Digit Isolation

[LinkMaster Sab]

My first challenge to you is to write a program that'll split a whole number of up to 15 digits into single digits that hold each place value. For example:

5918525 would return 5, 9, 1, 8, 5, 2, and 5.

However, you may only achieve this by using mathematical functions! Good luck! I'll be on my ol' DOS computer trying to do it too .

[Antoni Gual]

Code:

DECLARE SUB isolate (a&)
a& = 987654321
PRINT "isolating "; a&
isolate a&

SUB isolate (a&)
IF a& = 0 THEN EXIT SUB
b& = a& MOD 10
a& = a& \ 10
isolate a&
PRINT b&
END SUB

[Sterling Christensen]

Antoni Gual's doesn't work when given a zero, better it's still better than mine.

I always thought you'd have to use an array/stack to start at the one's place and still print them in order - nice work!

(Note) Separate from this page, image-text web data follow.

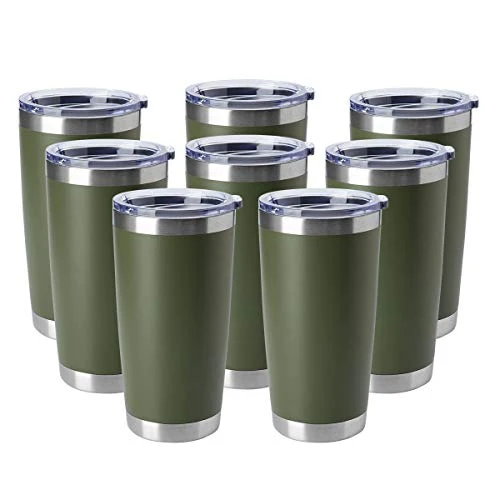 High-End 20oz Tumblers Bulk Stainless Steel Cup with Lid Double Wall Vacuum Insulated Coffee Mug for Cold Hot Drinks 8 Pack 8 Count Prestigious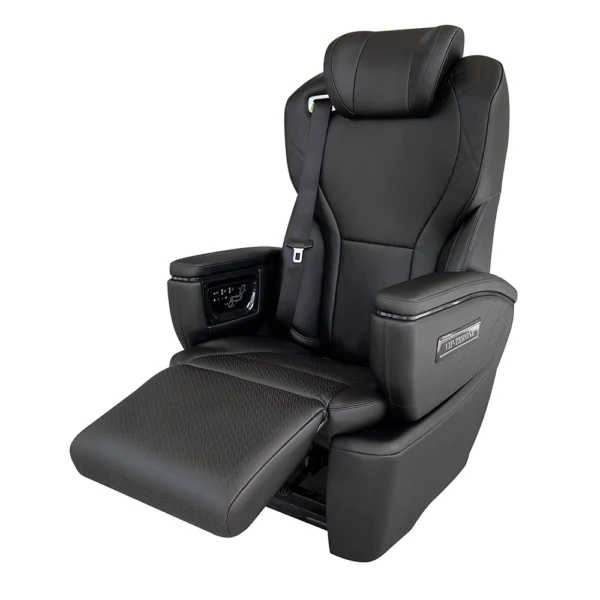 Car seat luxury featuring a fully extended electric leg rest for ergonomic passenger support.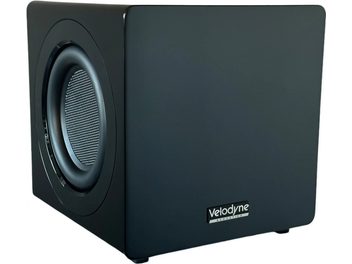 Caja de graves Velodyne MiniVee X, vista en ángulo, carcasa cúbica negra, altavoz circular en el lado izquierdo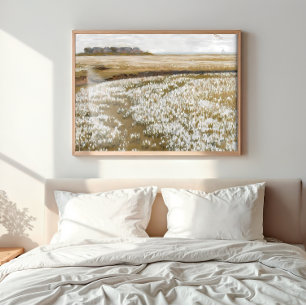 Vintage Meadow Landscape Countryside Field Canvas Print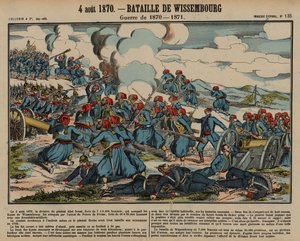 Slaget ved Wissembourg, fransk-prøyssisk krig, 4. august 1870 (farget gravering) av French School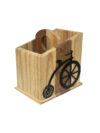 Wooden Desk Organizer with Vintage Bicycle Design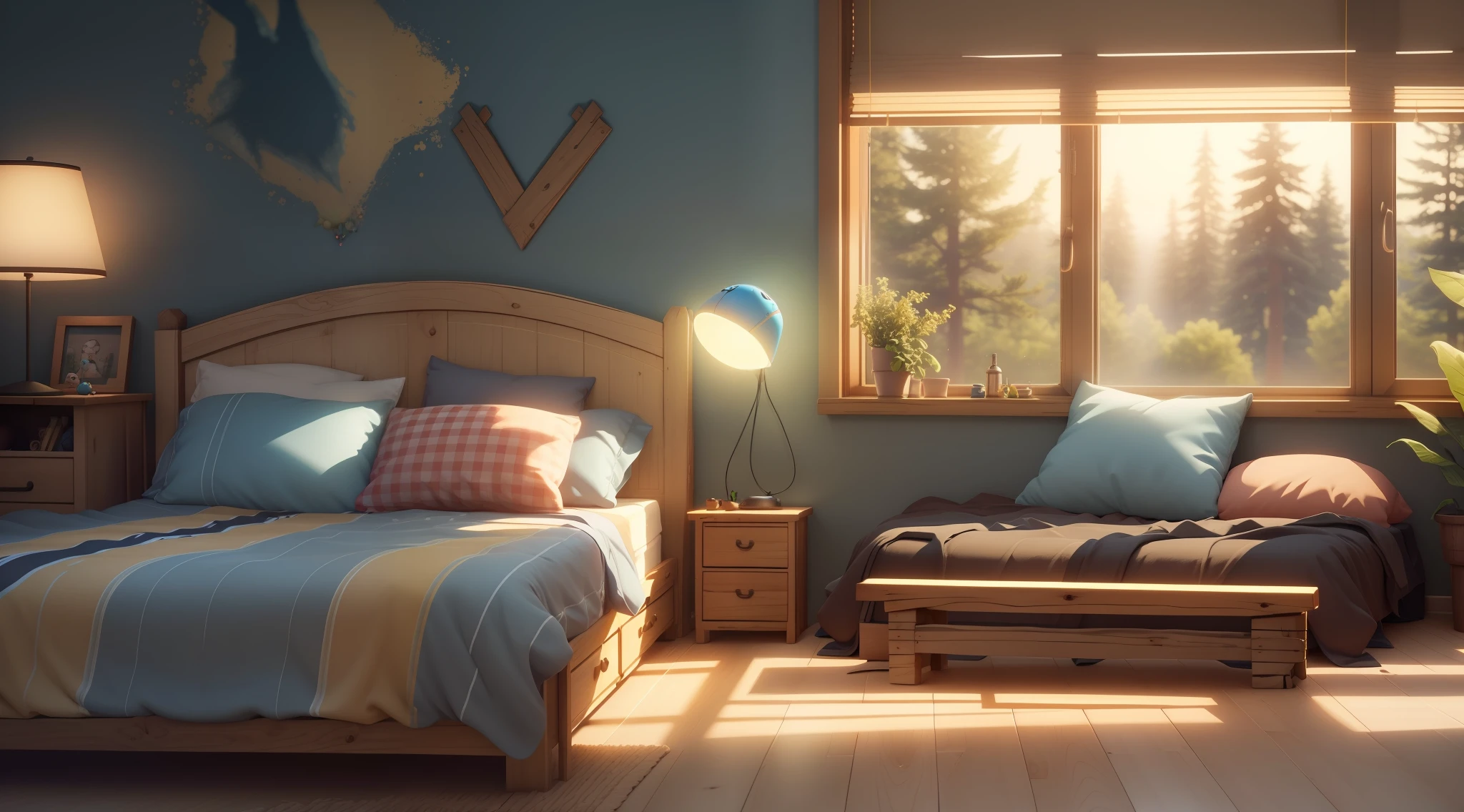 (Pixar style: 1.2), Cute, 3D artwork, bedroom, tavern - SeaArt AI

Well, anyway, here's mine:

Code:

DEFLNG A-Z

INPUT "Enter a non-negative integer: ", n

divisor = 1000000000  ' start at the billions place
                      ' LONGs cannot have any more digits than this

PRINT "Here are the digits, in order:";

' This flag will be used to clip off leading zeros:
havePrintedANonZeroDigit = 0

DO UNTIL divisor = 1

   digit% = (n \ divisor) MOD 10
   divisor = divisor \ 10

   IF (digit% <> 0) OR havePrintedANonZeroDigit THEN
      PRINT digit%; ",";
      havePrintedANonZeroDigit = -1
   END IF

LOOP

' This ensures that for n = 0, a zero will be printed:
PRINT n MOD 10  ' Print the last digit (in the one's place)

END

[LinkMaster Sab]

Yea, I realized that the algorithms I wrote won't work with 15 digits... so 10 has to work . Well, here's my code... it uses MOD and such, probably not as good as you guys though...

Code:

DECLARE SUB isolate (num)
DIM SHARED dig(10)
COMMON SHARED length
CLS
DO
INPUT "What number (1 - 9999999999) to isolate"; num
LOOP UNTIL num > 0 AND num < 9999999999
isolate (num)
FOR x = 1 TO 10
IF length >= x THEN PRINT dig(x);
NEXT x

SUB isolate (num)
FOR x = 1 TO 10
IF num < (10 ^ x) THEN length = x: GOTO lengthfound
NEXT x
lengthfound:
dig(1) = INT(num / (10 ^ (length - 1)))
FOR x = 2 TO length
dig(x) = num MOD 10 ^ (length - (x - 1))
dig(x) = INT(dig(x) / (10 ^ (length - x)))
NEXT x
END SUB

[Agamemnus]

Reverse order...

Code:

CLS
num1& = 5918525
DO
num2& = num1& \ 10
PRINT num1& - num2& * 10
IF num2& = 0 THEN EXIT DO
num1& = num2&
LOOP

[LinkMaster Sab]

You guys and your fancy short codes which do all that mine do yet are much simpler :wink:.

[Meg]

Here ya go. I see this is basically Antoni's algorithm, but I'll post it anyways since it's a bit shorter and allows for input of 0.

Code:

DECLARE SUB split (n&)
INPUT n&
IF n& = 0 THEN PRINT 0 ELSE split n&

SUB split (n&)
     IF n& THEN split n& \ 10 ELSE EXIT SUB
     PRINT n& MOD 10
END SUB

*peace*

Meg.

[Antoni Gual]

That's what i meant :oops:
Your code is the best, as it happens always when you decide to show up... :lol:

[Meg]

title reiterated.

*peace*

Meg.

[LinkMaster Sab]

I need to learn how to do recursion effectively